Inspiration
CI failures still wake engineers up at night. We wanted to see if an AI system could take over that 2 AM debugging loop: read logs, understand the codebase, propose a fix, test it safely, and decide whether to resolve or escalate. Instead of another chatbot, we aimed to build something that actually executes.
What it does
Nightingale is an autonomous CI repair agent powered by Gemini 3. When a pipeline fails, it analyzes the failure context, generates a structured fix plan, applies it in an isolated sandbox, reruns tests, and computes a weighted confidence score. If confidence is high, it resolves. If not, it escalates with a detailed report.
How we built it
We designed Nightingale as a multi-stage system: a listener for CI events, a reasoning agent using Gemini 3, a sandbox execution layer, a verification agent, and a confidence engine. All fixes run in isolation, and every decision is backed by structured JSON outputs and validation. We focused heavily on making the reasoning loop reflective and measurable rather than just generative.
Challenges we ran into
The biggest challenge was reliability. Model access, quota behavior, and endpoint differences forced us to deeply understand the Gemini API stack. We also had to prevent silent failures and ensure no simulated logic slipped into the pipeline. Making the system fail loudly and safely was harder than making it work.

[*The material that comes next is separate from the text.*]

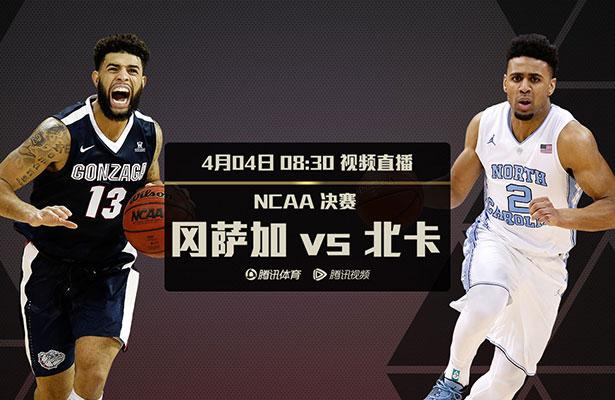 爱爱视频免费试看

Accomplishments that we're proud of
We built a full end to end autonomous repair loop with sandbox isolation, schema validation, and transparent confidence scoring. There are no hardcoded patches or fake reasoning paths. Every fix is generated, tested, and scored before any decision is made.
What we learned
Reasoning alone is not enough. Execution, validation, and safety boundaries matter just as much. We learned how critical it is to control context size, enforce structured outputs, and design escalation paths when confidence drops.
What's next for Nightingale
We plan to extend Nightingale to handle multi file failures, dependency updates, and longer running repair sessions. The long term goal is a Marathon Agent that can manage complex CI recovery across entire repositories without human supervision.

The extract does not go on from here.